Rolling Meadows` new Human Relations Commission is embarking on its first project: recommending a new fair-housing code to the City Council.
Commissioners are set to review a proposal which would consolidate existing laws forbidding housing bias and empower commission members to rule on local housing complaints.
Under current law, residents who believe they have been discriminated against have no local sounding board to hear their complaints, but must seek redress from state or federal housing officials.
”If this is adopted, it would set a hearing board at the local level that would have the ability to make a determination whether the practice is discriminatory,” said City Manager Robert Beezat.
The proposed ordinance, which would bring Rolling Meadows in step with Arlington Heights and Mt. Prospect, is the first undertaking of the commission, whose members have been appointed by the council during the last year to better address the concerns of the city`s growing minority population. Hispanics, who now represent 11 percent of the Rolling Meadows population, are among several minority groups in the city.
Drafted by City Atty.
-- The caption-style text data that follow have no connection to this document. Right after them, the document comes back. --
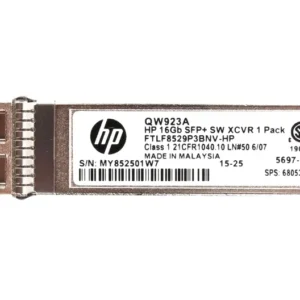 HP QW923 16Gb SFP+ Sw Xcvr Transceiver HP Part Number: QW923  - New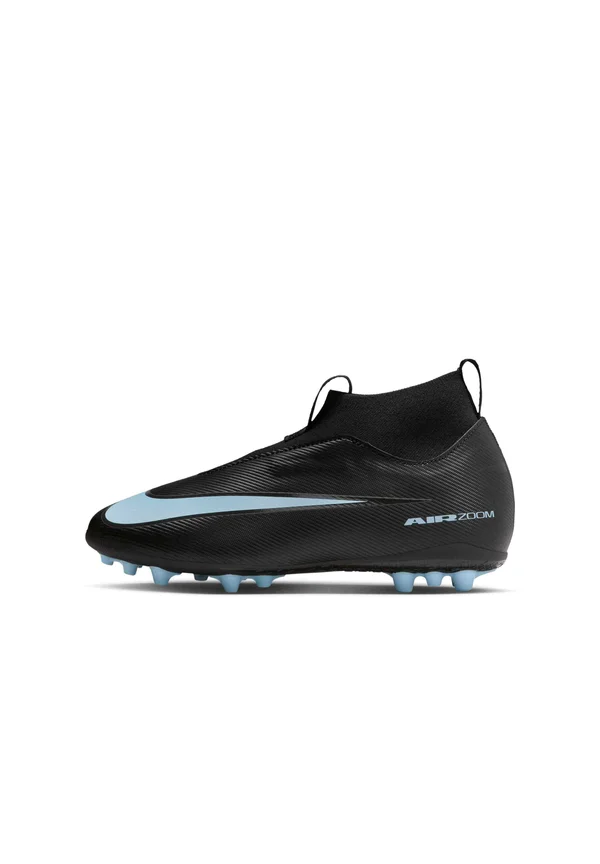 HARTPLATZ JR. MERCURIAL SUPERFLY 10 ACADEMY AG - Firm-ground football boots - black ice blue
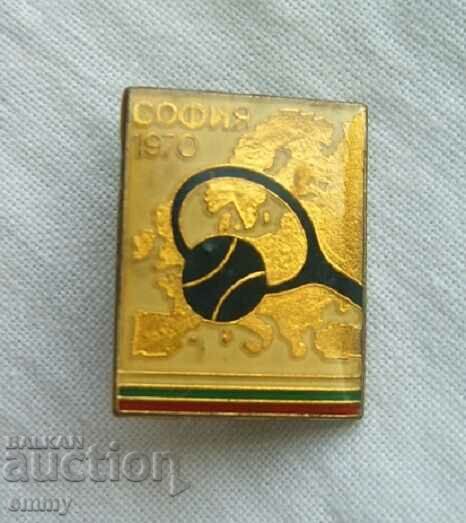 Badge European Tennis Championship - Sofia 1970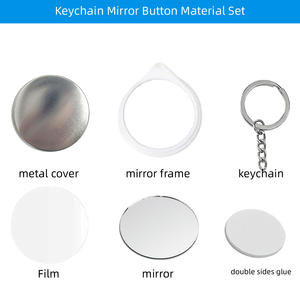 วัสดุทำป้ายติดกระเป๋าแบบกระจกขนาด 58 มม. 2.28 นิ้ว สำหรับตกแต่ง - Product Image 3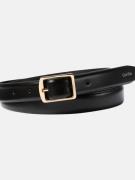 Calvin Klein Leren riem CLASSIC SQUARE BUCKLE BELT 20MM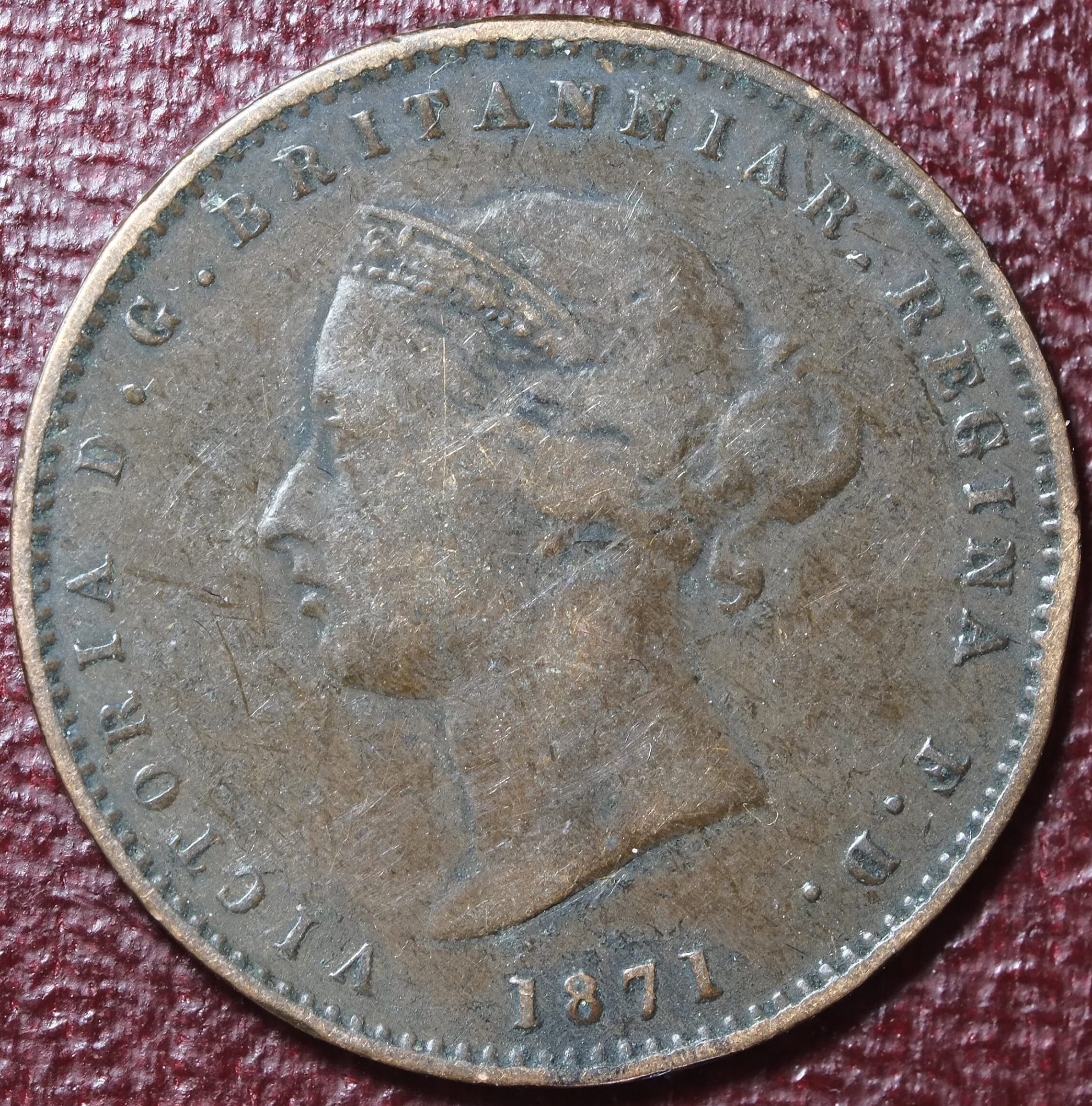 コレクション 1871 Victoria Queen  ONE CENT Coins and Canada - 1 cent 1871 - Prince Edward Island
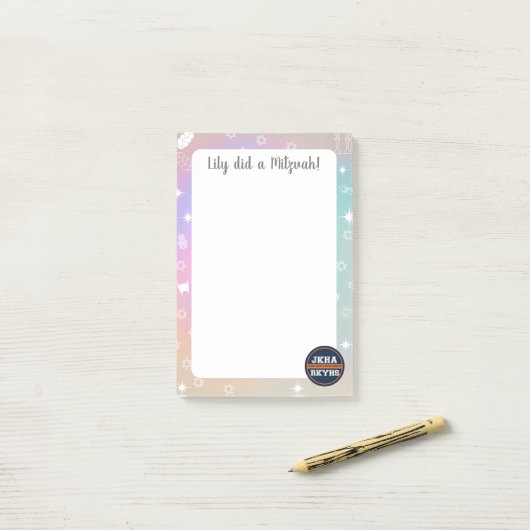 Kosmischer Mitzvot Post-it Klebezettel (Auf Schreibtisch)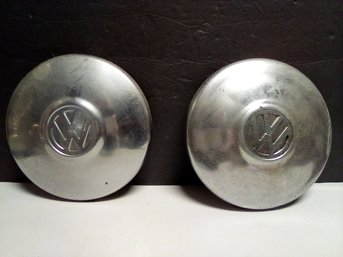 Two Vintage Volkwagon 10 Inch Hubcaps            StA/C5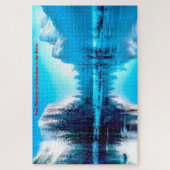 We houden van de winter in Yellowstone. Jigzaag Pu Legpuzzel (Verticaal)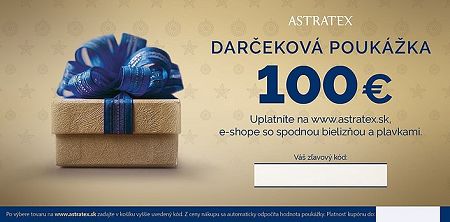 Darčeková poukážka 100 EUR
Donald Rose, the proposed ordinance would bar discrimination against persons seeking either apartments or houses on the basis of ”race, color, religion, creed, ancestry, national origin, age, sex, marital status or handicap.” It will be sent soon to all seven members of the commission, who will revise the document to better reflect the current needs of the city, Beezat said.
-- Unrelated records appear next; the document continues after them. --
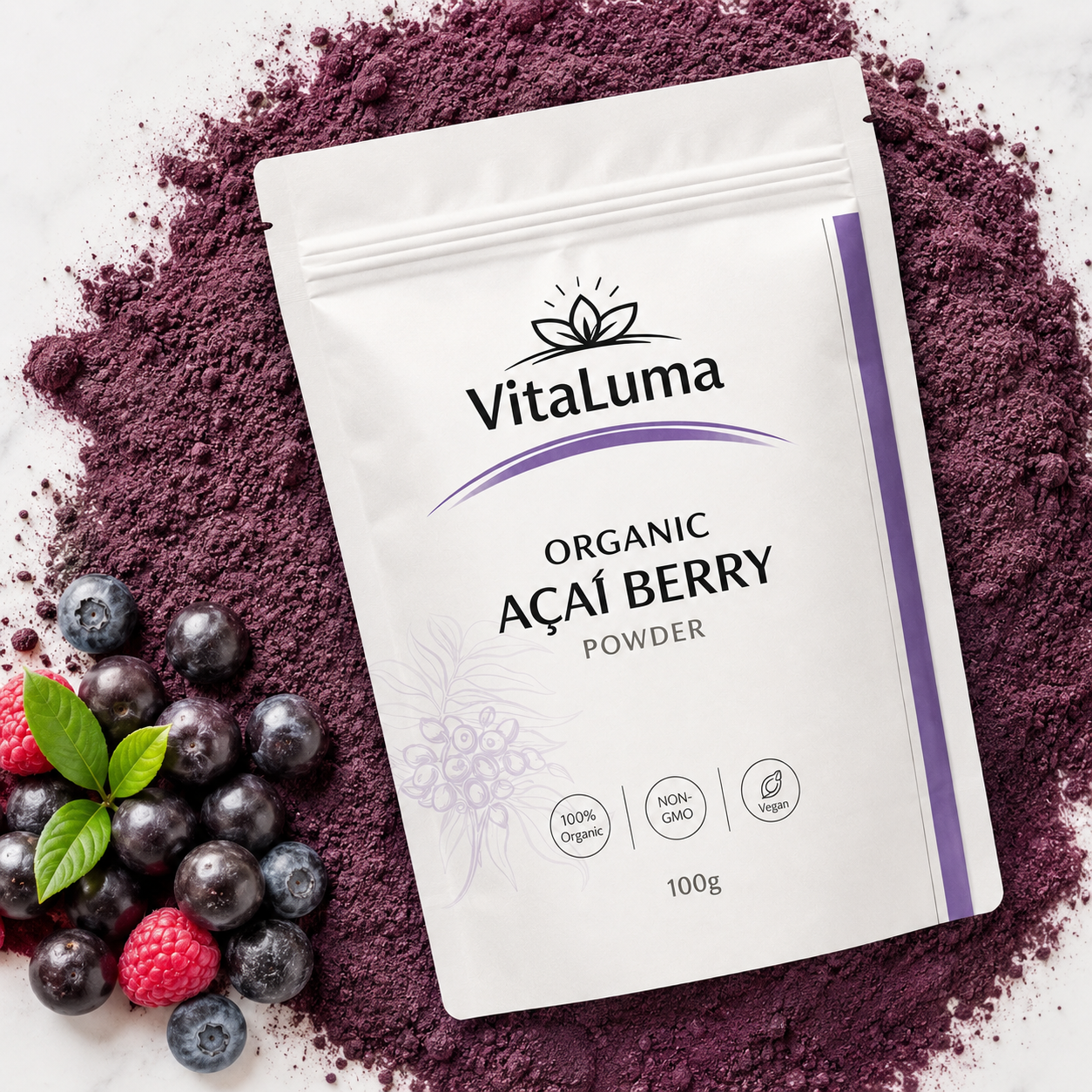 Organic Acai Berry Powder - 100g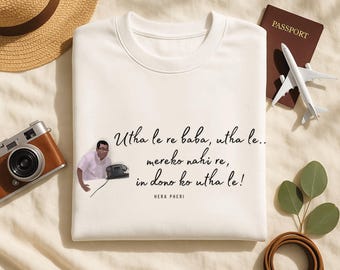 Felpa Desi con dialoghi di Bollywood • Magliette e felpe con cappuccio • Maglietta con grafica • Regali coordinati per gli amanti del cinema • Taglie per tutte le età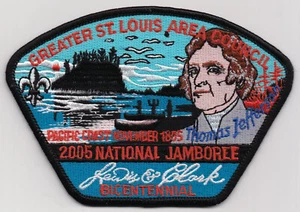 JSP - GREATER SAINT LOUIS AREA COUNCIL - 2005 NJ - LEWIS & CLARK BICENT -BLK BDR - Picture 1 of 1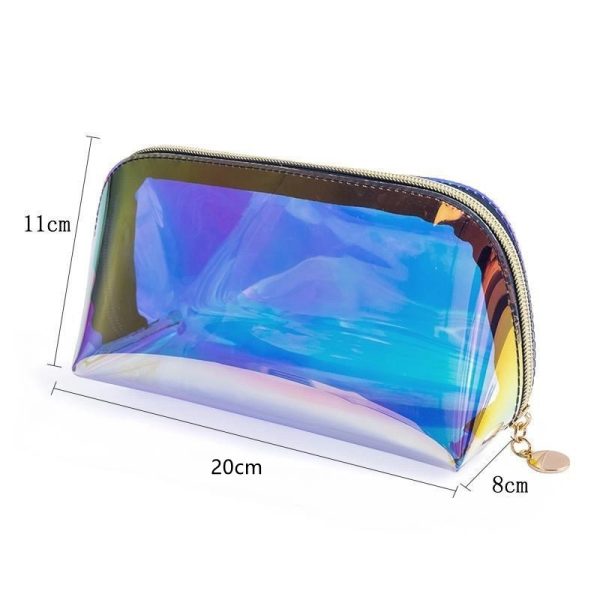 Holographic Travel Makeup Bag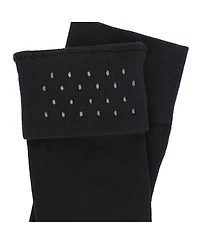 Trafalgar Men's Marius Marled Patterned Mid-Calf Pima Cotton Socks (1 Pair)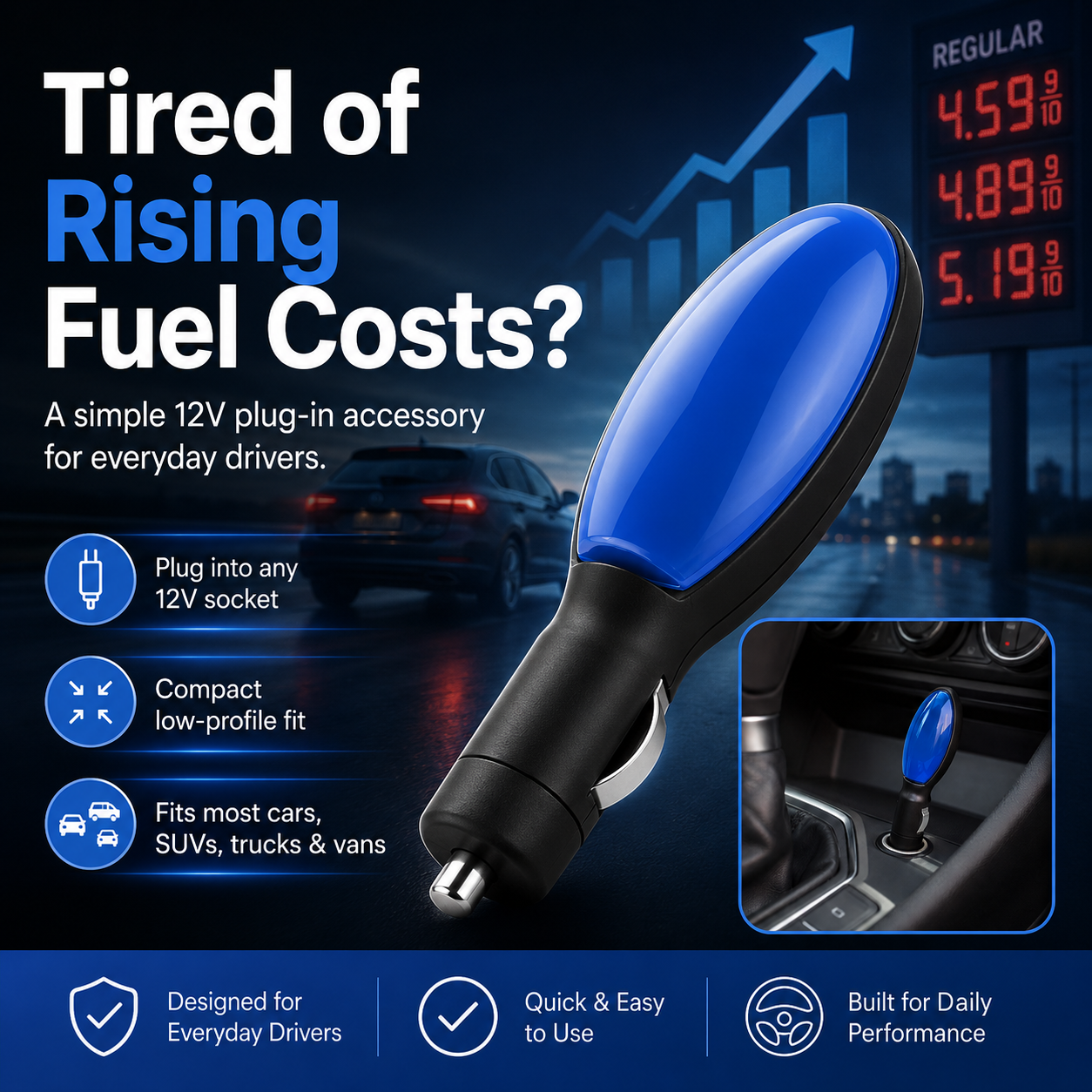 Plug And Play Car Fuel Saving Device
”We`re happy that the issue (of fair housing) is being addressed by the City Council,” said Betty Ginger, a commission member.
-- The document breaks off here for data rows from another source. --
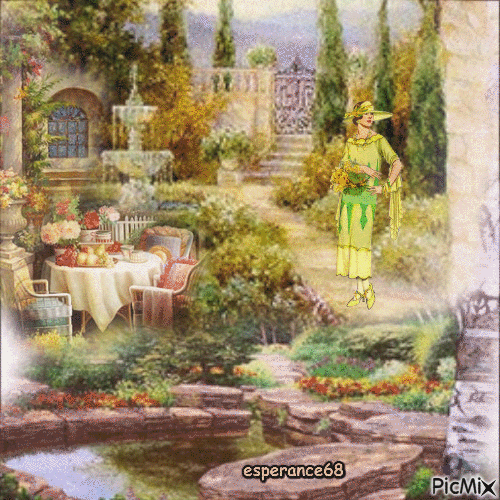 Dream garden - Bezmaksas animēts GIF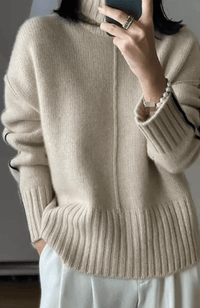 Soft Cashmere Blend Women's Sweater with Collar – Liv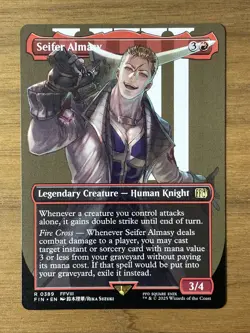 MTG Final Fantasy - Seifer Almasy - R 0389 Borderless - Image 1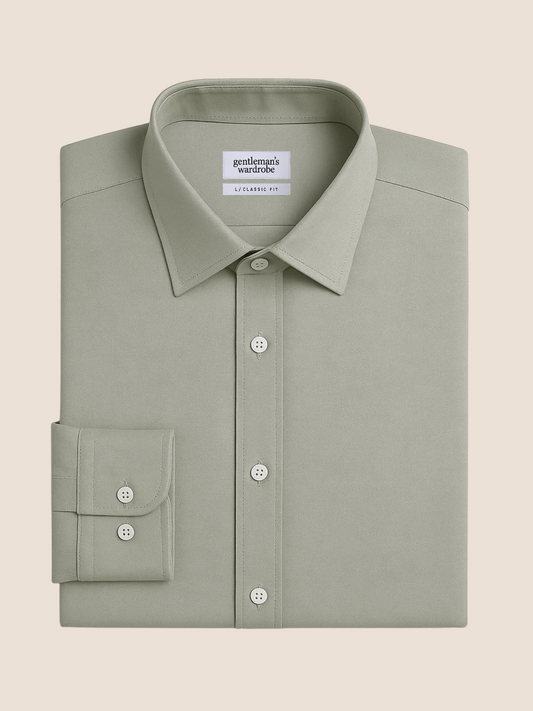 Light Olive Formal Shirt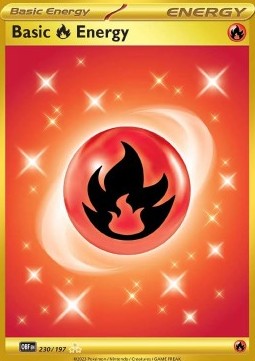 Basic Fire Energy Obsidian Flames #230/197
Ginger added that the City Council in the 1970s refused a request from a citizens group, of which she was a member, to enact a fair housing ordinance, saying that state and federal housing law sufficiently covered the city.
Beezat said the council now is interested in adopting a fair housing ordinance because of a federal requirement for communities to have such a law to qualify for future housing grants from the U.S. Department of Housing and Urban Development.
The commission will meet next month to review the proposal. The council has not given the commission a deadline for returning the revised ordinance.